An aggressive push is underway to integrate Latinos into the worst aspects of American society. Contraceptives are forced on them. Misogyny is celebrated in the music our record companies push in their communities. The self-prostituting entertainment styles of Jennifer Lopez and Christina Aguilera are encouraged; the two are awarded as exemplars of Latinas in the arts.

To gain the white man's acceptance, Latinos have to sell their souls, it seems. We should give them an alternative. They should be sought out as an untapped resource of the Catholic Church. They are tomorrow's Catholic America. Their faith, though often unformed, is strong.

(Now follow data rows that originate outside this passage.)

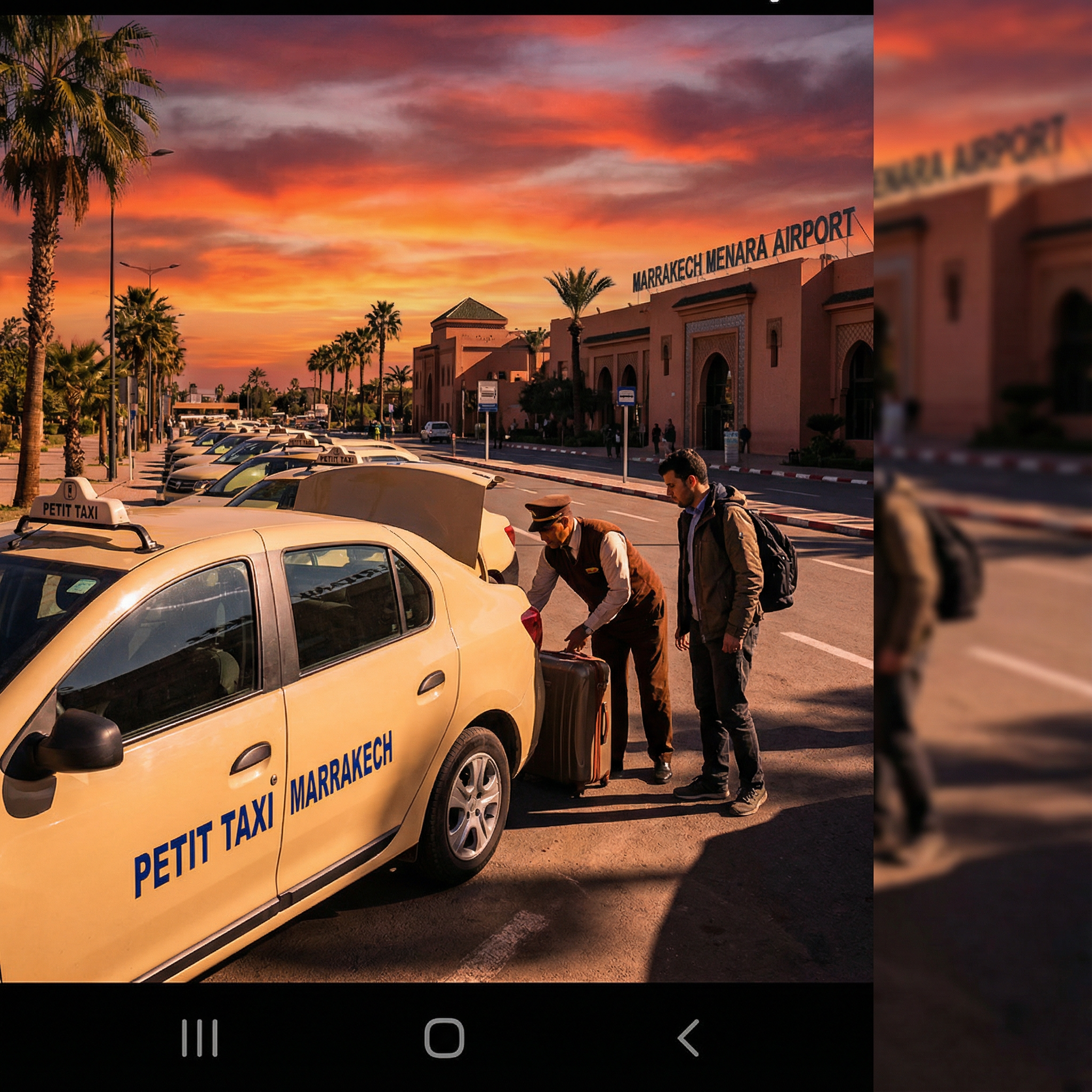 Official taxi services for Marrakech Menara airport transfer: Beige petit taxis waiting at designated rank, fixed fares 70-100 MAD daytime to city center, ideal for budget travelers avoiding haggling post-flight
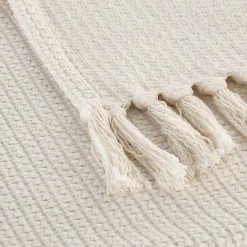 Plaid*alinea Plaid à frange en tissu effet crocheté - écru 130x170cm Blanc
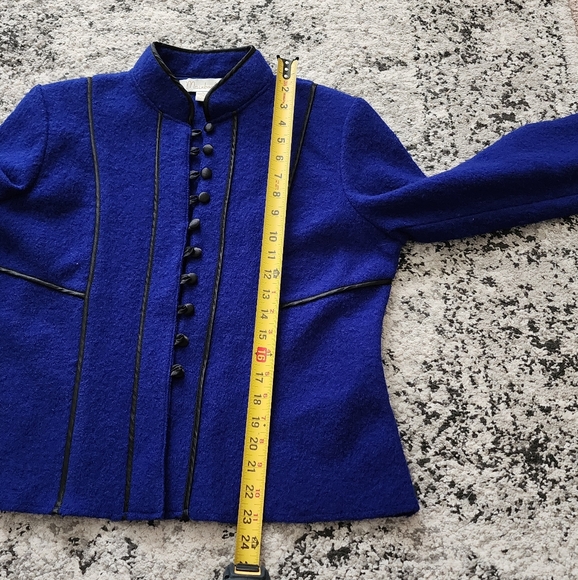 Vintage Mainbocher 100% Wool Jacket Blue Black Womens L NWT Preppy Academia Goth - Picture 7 of 9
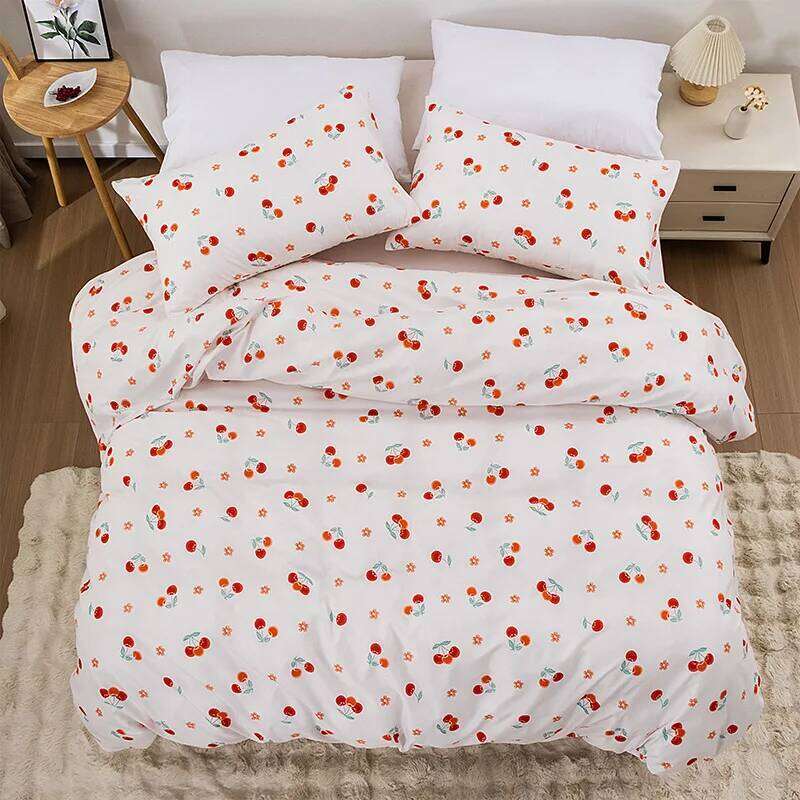 3PC Cherry Little Red Flower Duvet Cover 1Quilt cover 2Pillowcase Cute Print 100%Polyester Home Decor Four Season No padding H260311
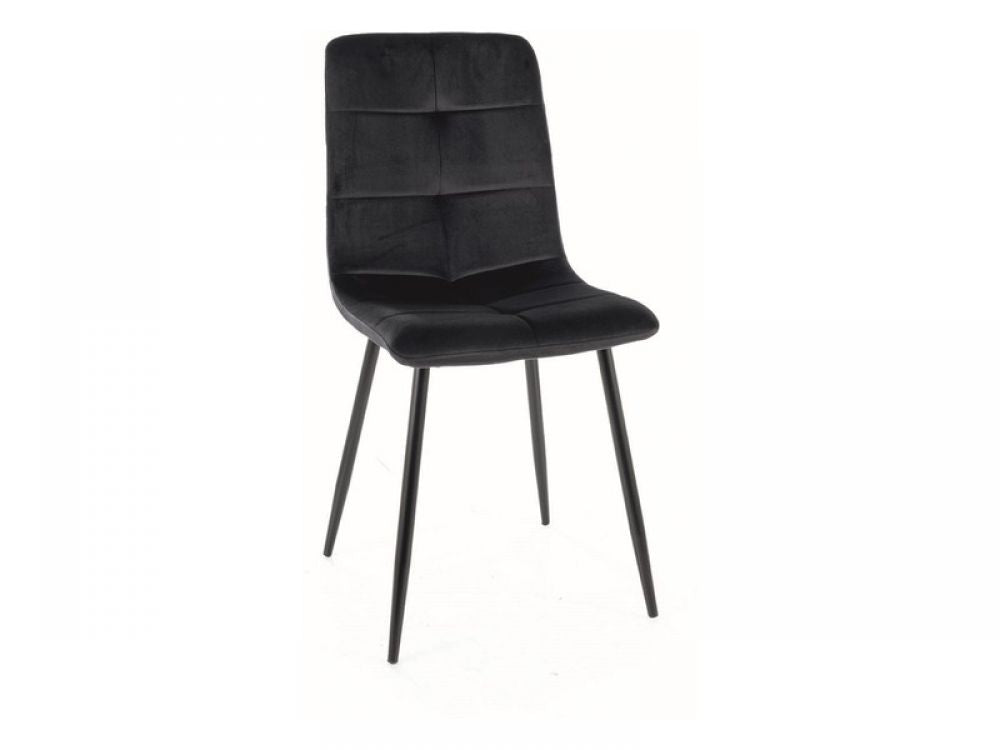 Set 2 Scaune tapitate cu Catifea Negru cu picioare din Metal Negru H91xL45xA52cm Ivo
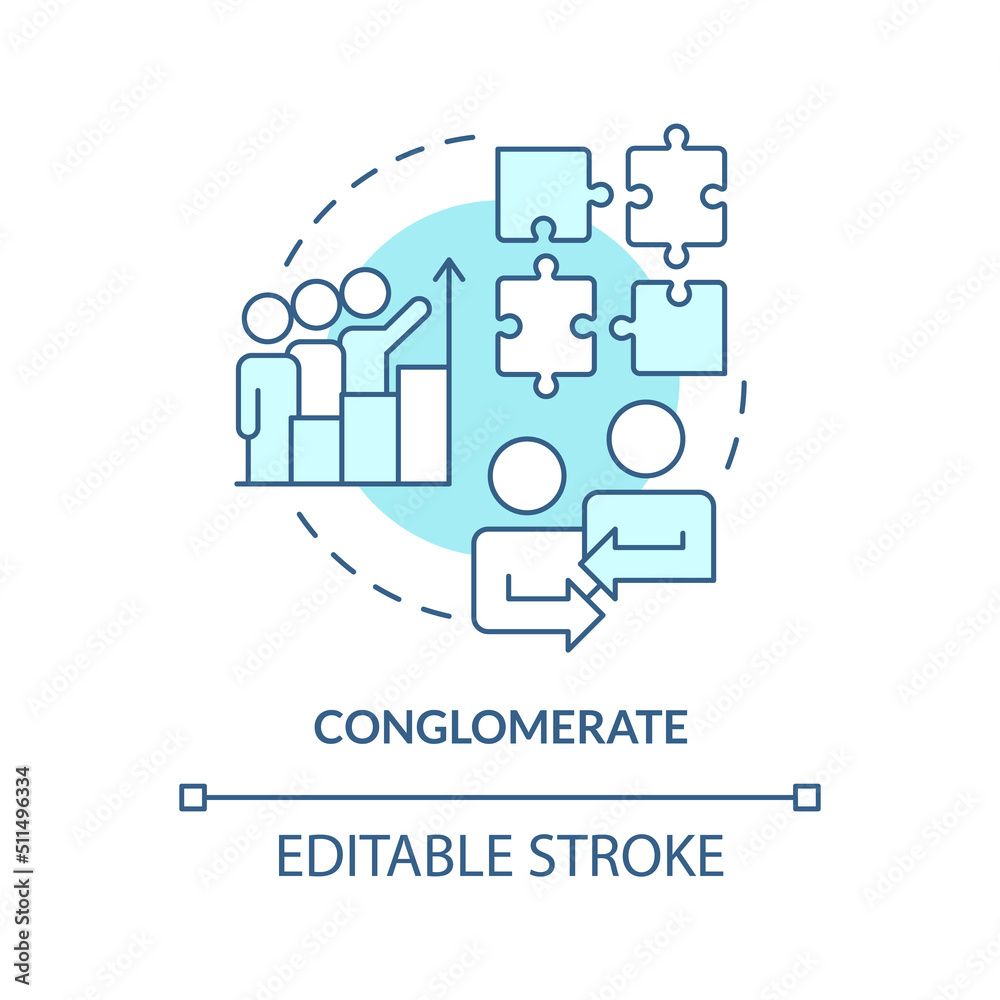 Conglomerate business merger turquoise concept icon. Different areas integration. Abstract idea thin line illustration. Isolated outline drawing. Editable stroke. Arial, Myriad Pro-Bold fonts used Conglomerate business merger turquoise concept icon. Different areas integration. Abstract idea thin line illustration. Isolated outline drawing. Editable stroke. Arial, Myriad Pro-Bold fonts used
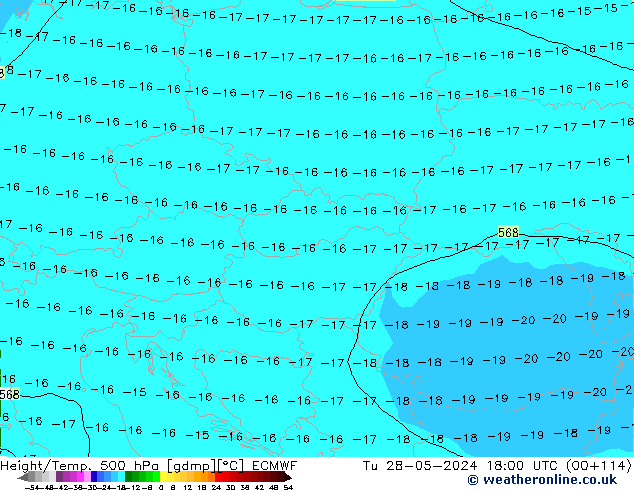 Z500/Rain (+SLP)/Z850 ECMWF вт 28.05.2024 18 UTC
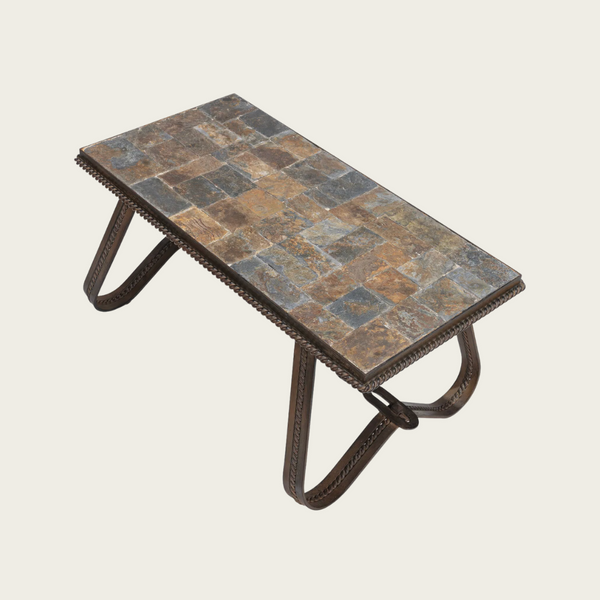 1970s French Ferronnerie & Slate Slate Mosaic Coffee Table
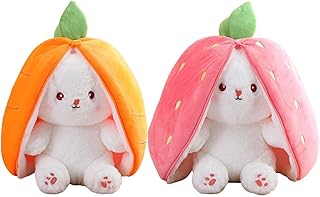 Easter Bunny Plush Toys | Easter Bunny Soft Toy | Hide and Seek Bunnies Stuffed Animals | Cute Carrots & Strawberries Rabbit Plushies Doll Home Decor Easter Gifts for Kids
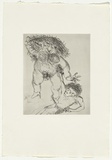 Artist: BOYD, Arthur | Title: (Figure with glasses supporting a harlot) [variant III]. | Date: 1970 | Technique: etching, printed in black ink, from one plate | Copyright: Reproduced with permission of Bundanon Trust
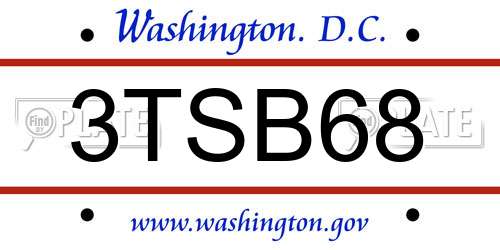 3TSB68 District Of Columbia License Plate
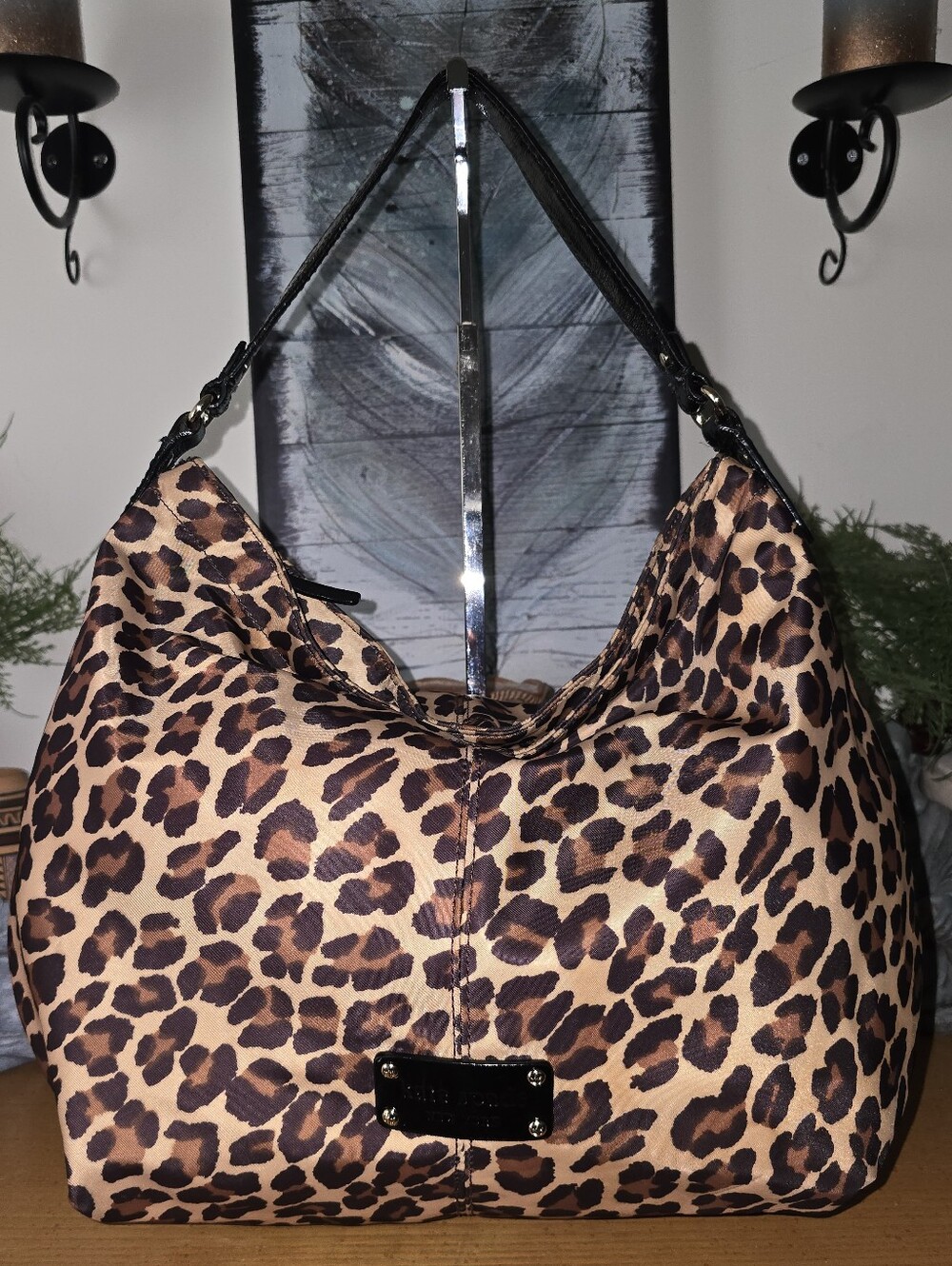 Kate Spade leopard print nylon hobo bag With Storybook Lining.
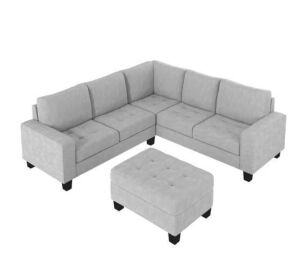 Utopia 4niture Antonella 85.00 in. W Square Arm 2-Piece Velvet L Shaped Modern Sectional Sofa in Light Gray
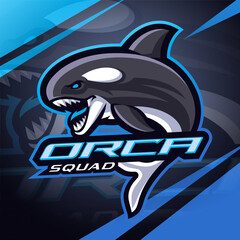 Orca esport mascot logo design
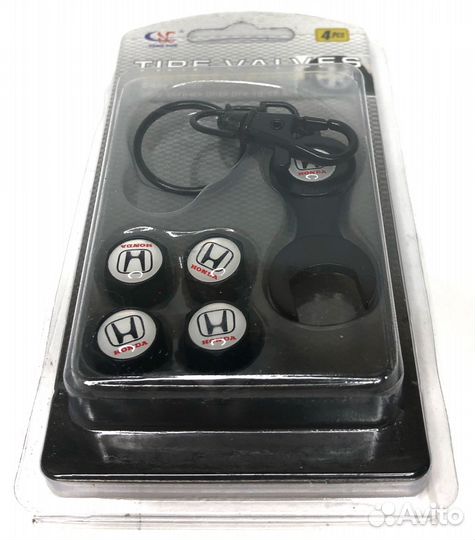 Колпачки на ниппеля - Honda (с ключом/черный/серый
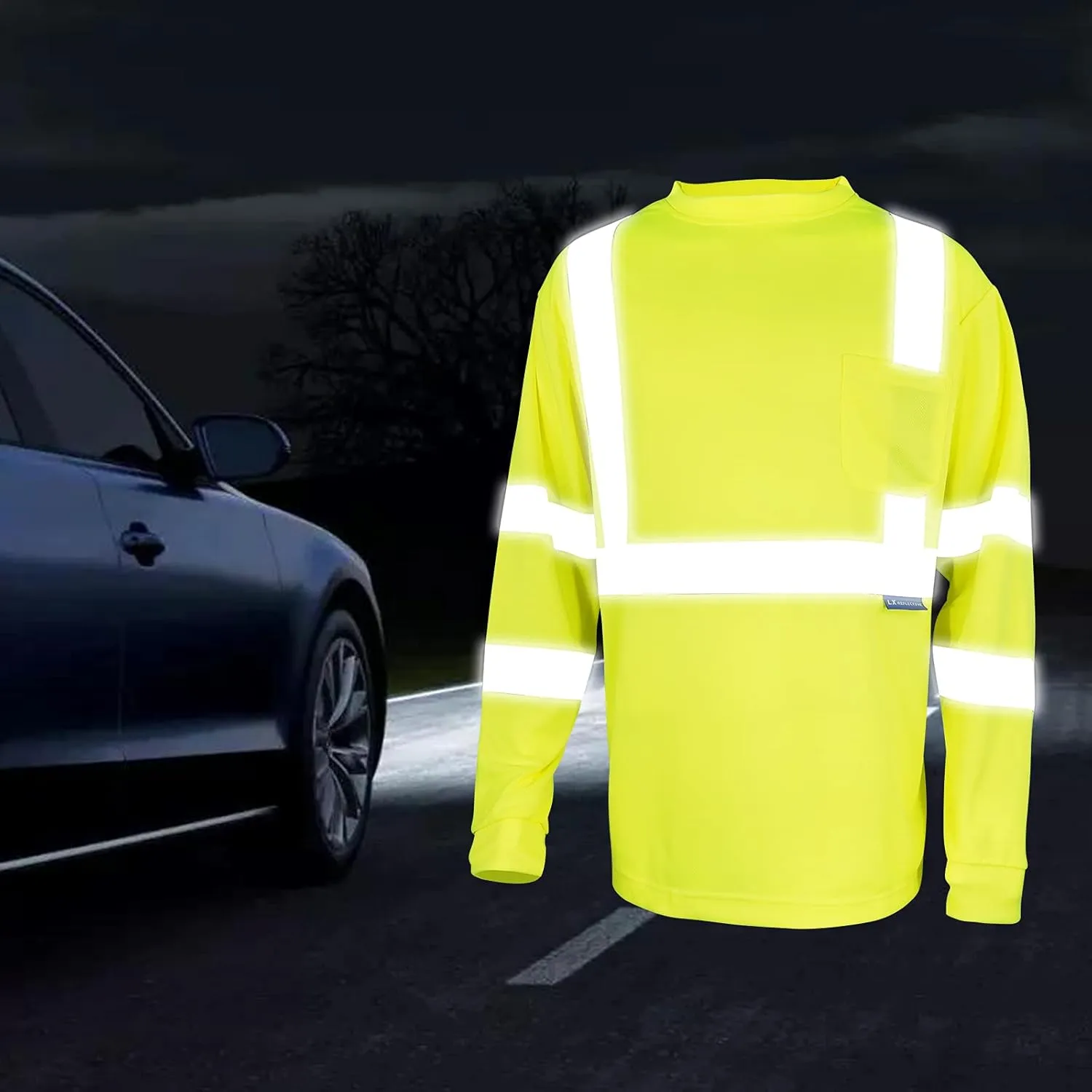 Safety Shirt Long Sleeve High Visibility Reflective Breathable T Shirt for Work Warehouse Construction Class 3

With direction, it could set a new tone for our country.

Those pastors who have had success with Latinos — big success, the kind that brings in the numbers, and attracts the immigrant community — have focused on a few important things.

The sacraments. Latino Catholics haven't “matured” in their faith to a point where they feel the sacraments aren't necessary. They're still as hungry for them as we all should be. Confession and the Eucharist bring them in.

Popular piety. Our Lady of Guadalupe is queen in the Latino community. And she's eager to share the rosary with them. Other practices — stations of the cross, Divine Mercy chaplets and novenas — are treasured in immigrant communities.

Real doctrine. Evangelical Christians have had great success preaching to Latino Catholics about the basics: Christ's saving act, the need for grace, the moral truths that should guide daily living. Catholics should feed this need for real Christianity even more.

It is not inevitable that Latino Catholics will fall away.

Jesica Santillán, the Mexican-American Catholic teen who died of a botched transplant operation, showed this. She used to call her friends to say “Let's go to church! Let's go to church!” Her family invoked the saints at her bedside.

Or one thinks of the news reports about the long line of pilgrims stretching through the new Los Angeles cathedral on its opening days. Made up mostly of Latino immigrants, the pilgrims were waiting in line behind the cathedral's realistic crucifix. Many were approaching it on their knees, weeping and kissing it.

News reporters complained that, when they interviewed them, these pious pilgrims knew little about the scandals in the Church, and weren't up on the latest news.

Perhaps, but they knew one very important thing: that Christ crucified is the center of the faith. The rest is easier to teach.